No everyone would have dreams... Heck, most Nigerian women do not have one... It's ok but DON'T spew rubbish about those who have.

For every one esp. lady who has dreams to do one or two things... there is someone out there who will believe in your dreams and beautify them. Contrary to popular opinion, there are many good men out there who have visions themselves and look for wives to help them fulfill it and vice versa.

With determination and persistence, you can be/ do whatever you want to.

It's well with you smiley

My kinda woman! kiss
Re: Should A Woman Sacrifice Her Dreams For Her Marriage? by bukatyne(f): 3:28pm On Nov 01, 2013
Nashville:

My kinda woman! kiss

Why do you think we are birthday mates?

Lol!
Re: Should A Woman Sacrifice Her Dreams For Her Marriage? by gsalvatore: 9:55pm On Nov 03, 2013
yellowpawpaw: Biola,I quite disagree with u.
Let me use my culture to buttress my point.
An igbo man got married and along the line started acquiring ppty. In the next of kin, he writes, children,mother, brother but no wife. When the man dies,the family will pounce on d woman. U hv heard of many cases, read many even here. So I ask u, where does this leave the woman?

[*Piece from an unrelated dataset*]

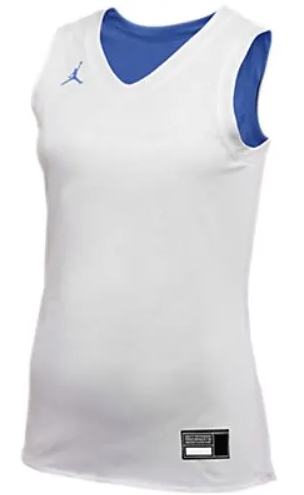 Boczny widok dwustronnej damskiej koszulki Nike AT0536-494 XXL z panelami siateczkowymi i elastyczną tkaniną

I did my service in a big organisation and worked in records dept. When we were updating files, MAJORITY of the men did not put their wives as NOK but children and bro. If the man kpai, c tussle even to court level. Now what do u want such women do?

Women r getting wiser by d day and taking destinies in their hands.
Had it been men r doing the suppoesed normal thing, women won't go this far.

I hv seen threads here about whom a man will make his next of kin. Go and read it. I think it answered all the ?s u might want to ask.





I will always encourage women to fight for themselves. If ur man c no reason for bypassing ur name, I c no reason why u wouldn't bypass him and do ur own thing as u deem fit. Its only bad if he is jointly doing things and u decided to go solo.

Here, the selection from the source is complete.